> Your objective: From start to end, print the entire listing below exactly.
Data to use Block Start
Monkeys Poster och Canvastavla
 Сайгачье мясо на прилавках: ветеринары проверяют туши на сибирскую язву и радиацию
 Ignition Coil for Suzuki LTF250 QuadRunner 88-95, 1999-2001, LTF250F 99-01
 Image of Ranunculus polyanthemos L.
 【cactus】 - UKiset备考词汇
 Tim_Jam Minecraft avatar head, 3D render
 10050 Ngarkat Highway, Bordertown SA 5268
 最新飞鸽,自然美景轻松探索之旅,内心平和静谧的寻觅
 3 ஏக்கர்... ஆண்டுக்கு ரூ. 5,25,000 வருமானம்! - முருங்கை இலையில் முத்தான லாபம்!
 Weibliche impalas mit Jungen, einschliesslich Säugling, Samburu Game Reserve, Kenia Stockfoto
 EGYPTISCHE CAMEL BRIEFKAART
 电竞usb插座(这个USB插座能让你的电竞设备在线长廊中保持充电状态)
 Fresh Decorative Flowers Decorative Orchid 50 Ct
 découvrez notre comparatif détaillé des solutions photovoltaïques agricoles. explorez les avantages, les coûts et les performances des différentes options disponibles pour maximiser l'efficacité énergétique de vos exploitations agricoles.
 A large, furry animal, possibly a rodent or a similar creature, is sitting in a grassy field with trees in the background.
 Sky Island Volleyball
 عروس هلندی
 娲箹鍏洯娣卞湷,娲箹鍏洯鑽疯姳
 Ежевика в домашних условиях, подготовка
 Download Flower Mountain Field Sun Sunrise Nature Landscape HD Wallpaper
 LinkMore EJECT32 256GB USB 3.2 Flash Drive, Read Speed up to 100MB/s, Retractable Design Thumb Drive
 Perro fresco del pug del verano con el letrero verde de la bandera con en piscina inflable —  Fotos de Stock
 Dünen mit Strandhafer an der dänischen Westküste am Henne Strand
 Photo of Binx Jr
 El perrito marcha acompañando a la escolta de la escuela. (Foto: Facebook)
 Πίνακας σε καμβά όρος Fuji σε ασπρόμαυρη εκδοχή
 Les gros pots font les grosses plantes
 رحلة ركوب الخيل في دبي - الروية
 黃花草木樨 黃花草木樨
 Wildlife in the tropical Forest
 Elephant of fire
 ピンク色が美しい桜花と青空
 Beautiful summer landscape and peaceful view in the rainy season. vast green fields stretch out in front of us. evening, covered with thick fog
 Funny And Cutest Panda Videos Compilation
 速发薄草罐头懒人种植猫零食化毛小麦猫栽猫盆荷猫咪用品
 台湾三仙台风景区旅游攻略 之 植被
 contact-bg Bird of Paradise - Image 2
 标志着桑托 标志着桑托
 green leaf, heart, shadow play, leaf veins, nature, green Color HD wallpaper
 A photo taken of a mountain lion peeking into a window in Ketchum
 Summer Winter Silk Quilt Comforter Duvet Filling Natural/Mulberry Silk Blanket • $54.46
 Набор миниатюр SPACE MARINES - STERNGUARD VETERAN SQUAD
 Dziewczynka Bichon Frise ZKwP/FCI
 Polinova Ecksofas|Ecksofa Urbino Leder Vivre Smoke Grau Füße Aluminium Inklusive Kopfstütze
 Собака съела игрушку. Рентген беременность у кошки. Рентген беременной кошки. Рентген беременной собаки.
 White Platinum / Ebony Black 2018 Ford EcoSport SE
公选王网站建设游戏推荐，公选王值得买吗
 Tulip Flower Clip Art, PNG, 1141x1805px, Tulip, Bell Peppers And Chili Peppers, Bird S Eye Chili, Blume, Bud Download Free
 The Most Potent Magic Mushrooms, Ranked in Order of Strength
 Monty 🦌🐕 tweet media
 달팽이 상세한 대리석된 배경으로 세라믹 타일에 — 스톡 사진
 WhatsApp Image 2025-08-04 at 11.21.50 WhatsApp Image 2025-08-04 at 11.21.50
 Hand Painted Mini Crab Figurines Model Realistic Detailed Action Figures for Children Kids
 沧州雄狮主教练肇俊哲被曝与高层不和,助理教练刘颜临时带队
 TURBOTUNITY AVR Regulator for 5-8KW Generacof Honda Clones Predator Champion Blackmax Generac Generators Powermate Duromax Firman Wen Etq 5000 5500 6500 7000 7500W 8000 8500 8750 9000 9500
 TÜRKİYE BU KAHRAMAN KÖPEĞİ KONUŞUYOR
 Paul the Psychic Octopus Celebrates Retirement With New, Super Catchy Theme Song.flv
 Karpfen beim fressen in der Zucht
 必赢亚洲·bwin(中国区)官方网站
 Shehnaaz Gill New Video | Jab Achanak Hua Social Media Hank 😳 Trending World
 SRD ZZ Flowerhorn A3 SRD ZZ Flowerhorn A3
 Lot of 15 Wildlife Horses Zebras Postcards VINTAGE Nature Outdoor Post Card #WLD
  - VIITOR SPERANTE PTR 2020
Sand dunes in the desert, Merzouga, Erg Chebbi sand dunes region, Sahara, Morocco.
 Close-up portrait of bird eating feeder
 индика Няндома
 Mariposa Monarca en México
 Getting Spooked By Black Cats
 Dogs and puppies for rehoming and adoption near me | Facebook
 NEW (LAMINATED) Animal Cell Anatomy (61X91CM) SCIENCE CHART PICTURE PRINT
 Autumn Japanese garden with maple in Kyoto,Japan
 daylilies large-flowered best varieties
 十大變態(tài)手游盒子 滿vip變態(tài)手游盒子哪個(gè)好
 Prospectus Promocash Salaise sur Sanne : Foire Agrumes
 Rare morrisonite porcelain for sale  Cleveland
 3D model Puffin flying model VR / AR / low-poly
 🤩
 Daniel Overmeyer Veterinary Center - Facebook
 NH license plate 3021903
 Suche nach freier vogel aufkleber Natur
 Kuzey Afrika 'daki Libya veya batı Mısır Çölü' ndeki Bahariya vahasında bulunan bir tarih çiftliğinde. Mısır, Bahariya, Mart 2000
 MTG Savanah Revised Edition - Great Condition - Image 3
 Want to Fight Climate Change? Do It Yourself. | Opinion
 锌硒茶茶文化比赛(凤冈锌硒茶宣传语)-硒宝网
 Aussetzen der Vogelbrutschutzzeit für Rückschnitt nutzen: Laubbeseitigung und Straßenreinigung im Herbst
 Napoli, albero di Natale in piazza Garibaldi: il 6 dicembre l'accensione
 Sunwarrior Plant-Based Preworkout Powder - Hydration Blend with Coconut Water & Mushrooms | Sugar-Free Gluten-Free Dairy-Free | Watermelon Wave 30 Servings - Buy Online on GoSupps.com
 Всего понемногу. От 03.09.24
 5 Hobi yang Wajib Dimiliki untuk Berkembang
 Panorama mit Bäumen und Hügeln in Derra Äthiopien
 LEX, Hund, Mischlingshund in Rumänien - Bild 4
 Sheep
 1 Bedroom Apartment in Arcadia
Data to use Block End
> Exercise solution:
Monkeys Poster och Canvastavla
 Сайгачье мясо на прилавках: ветеринары проверяют туши на сибирскую язву и радиацию
 Ignition Coil for Suzuki LTF250 QuadRunner 88-95, 1999-2001, LTF250F 99-01
 Image of Ranunculus polyanthemos L.
 【cactus】 - UKiset备考词汇
 Tim_Jam Minecraft avatar head, 3D render
 10050 Ngarkat Highway, Bordertown SA 5268
 最新飞鸽,自然美景轻松探索之旅,内心平和静谧的寻觅
 3 ஏக்கர்... ஆண்டுக்கு ரூ. 5,25,000 வருமானம்! - முருங்கை இலையில் முத்தான லாபம்!
 Weibliche impalas mit Jungen, einschliesslich Säugling, Samburu Game Reserve, Kenia Stockfoto
 EGYPTISCHE CAMEL BRIEFKAART
 电竞usb插座(这个USB插座能让你的电竞设备在线长廊中保持充电状态)
 Fresh Decorative Flowers Decorative Orchid 50 Ct
 découvrez notre comparatif détaillé des solutions photovoltaïques agricoles. explorez les avantages, les coûts et les performances des différentes options disponibles pour maximiser l'efficacité énergétique de vos exploitations agricoles.
 A large, furry animal, possibly a rodent or a similar creature, is sitting in a grassy field with trees in the background.
 Sky Island Volleyball
 عروس هلندی
 娲箹鍏洯娣卞湷,娲箹鍏洯鑽疯姳
 Ежевика в домашних условиях, подготовка
 Download Flower Mountain Field Sun Sunrise Nature Landscape HD Wallpaper
 LinkMore EJECT32 256GB USB 3.2 Flash Drive, Read Speed up to 100MB/s, Retractable Design Thumb Drive
 Perro fresco del pug del verano con el letrero verde de la bandera con en piscina inflable —  Fotos de Stock
 Dünen mit Strandhafer an der dänischen Westküste am Henne Strand
 Photo of Binx Jr
 El perrito marcha acompañando a la escolta de la escuela. (Foto: Facebook)
 Πίνακας σε καμβά όρος Fuji σε ασπρόμαυρη εκδοχή
 Les gros pots font les grosses plantes
 رحلة ركوب الخيل في دبي - الروية
 黃花草木樨 黃花草木樨
 Wildlife in the tropical Forest
 Elephant of fire
 ピンク色が美しい桜花と青空
 Beautiful summer landscape and peaceful view in the rainy season. vast green fields stretch out in front of us. evening, covered with thick fog
 Funny And Cutest Panda Videos Compilation
 速发薄草罐头懒人种植猫零食化毛小麦猫栽猫盆荷猫咪用品
 台湾三仙台风景区旅游攻略 之 植被
 contact-bg Bird of Paradise - Image 2
 标志着桑托 标志着桑托
 green leaf, heart, shadow play, leaf veins, nature, green Color HD wallpaper
 A photo taken of a mountain lion peeking into a window in Ketchum
 Summer Winter Silk Quilt Comforter Duvet Filling Natural/Mulberry Silk Blanket • $54.46
 Набор миниатюр SPACE MARINES - STERNGUARD VETERAN SQUAD
 Dziewczynka Bichon Frise ZKwP/FCI
 Polinova Ecksofas|Ecksofa Urbino Leder Vivre Smoke Grau Füße Aluminium Inklusive Kopfstütze
 Собака съела игрушку. Рентген беременность у кошки. Рентген беременной кошки. Рентген беременной собаки.
 White Platinum / Ebony Black 2018 Ford EcoSport SE
公选王网站建设游戏推荐，公选王值得买吗
 Tulip Flower Clip Art, PNG, 1141x1805px, Tulip, Bell Peppers And Chili Peppers, Bird S Eye Chili, Blume, Bud Download Free
 The Most Potent Magic Mushrooms, Ranked in Order of Strength
 Monty 🦌🐕 tweet media
 달팽이 상세한 대리석된 배경으로 세라믹 타일에 — 스톡 사진
 WhatsApp Image 2025-08-04 at 11.21.50 WhatsApp Image 2025-08-04 at 11.21.50
 Hand Painted Mini Crab Figurines Model Realistic Detailed Action Figures for Children Kids
 沧州雄狮主教练肇俊哲被曝与高层不和,助理教练刘颜临时带队
 TURBOTUNITY AVR Regulator for 5-8KW Generacof Honda Clones Predator Champion Blackmax Generac Generators Powermate Duromax Firman Wen Etq 5000 5500 6500 7000 7500W 8000 8500 8750 9000 9500
 TÜRKİYE BU KAHRAMAN KÖPEĞİ KONUŞUYOR
 Paul the Psychic Octopus Celebrates Retirement With New, Super Catchy Theme Song.flv
 Karpfen beim fressen in der Zucht
 必赢亚洲·bwin(中国区)官方网站
 Shehnaaz Gill New Video | Jab Achanak Hua Social Media Hank 😳 Trending World
 SRD ZZ Flowerhorn A3 SRD ZZ Flowerhorn A3
 Lot of 15 Wildlife Horses Zebras Postcards VINTAGE Nature Outdoor Post Card #WLD
  - VIITOR SPERANTE PTR 2020
Sand dunes in the desert, Merzouga, Erg Chebbi sand dunes region, Sahara, Morocco.
 Close-up portrait of bird eating feeder
 индика Няндома
 Mariposa Monarca en México
 Getting Spooked By Black Cats
 Dogs and puppies for rehoming and adoption near me | Facebook
 NEW (LAMINATED) Animal Cell Anatomy (61X91CM) SCIENCE CHART PICTURE PRINT
 Autumn Japanese garden with maple in Kyoto,Japan
 daylilies large-flowered best varieties
 十大變態(tài)手游盒子 滿vip變態(tài)手游盒子哪個(gè)好
 Prospectus Promocash Salaise sur Sanne : Foire Agrumes
 Rare morrisonite porcelain for sale  Cleveland
 3D model Puffin flying model VR / AR / low-poly
 🤩
 Daniel Overmeyer Veterinary Center - Facebook
 NH license plate 3021903
 Suche nach freier vogel aufkleber Natur
 Kuzey Afrika 'daki Libya veya batı Mısır Çölü' ndeki Bahariya vahasında bulunan bir tarih çiftliğinde. Mısır, Bahariya, Mart 2000
 MTG Savanah Revised Edition - Great Condition - Image 3
 Want to Fight Climate Change? Do It Yourself. | Opinion
 锌硒茶茶文化比赛(凤冈锌硒茶宣传语)-硒宝网
 Aussetzen der Vogelbrutschutzzeit für Rückschnitt nutzen: Laubbeseitigung und Straßenreinigung im Herbst
 Napoli, albero di Natale in piazza Garibaldi: il 6 dicembre l'accensione
 Sunwarrior Plant-Based Preworkout Powder - Hydration Blend with Coconut Water & Mushrooms | Sugar-Free Gluten-Free Dairy-Free | Watermelon Wave 30 Servings - Buy Online on GoSupps.com
 Всего понемногу. От 03.09.24
 5 Hobi yang Wajib Dimiliki untuk Berkembang
 Panorama mit Bäumen und Hügeln in Derra Äthiopien
 LEX, Hund, Mischlingshund in Rumänien - Bild 4
 Sheep
 1 Bedroom Apartment in Arcadia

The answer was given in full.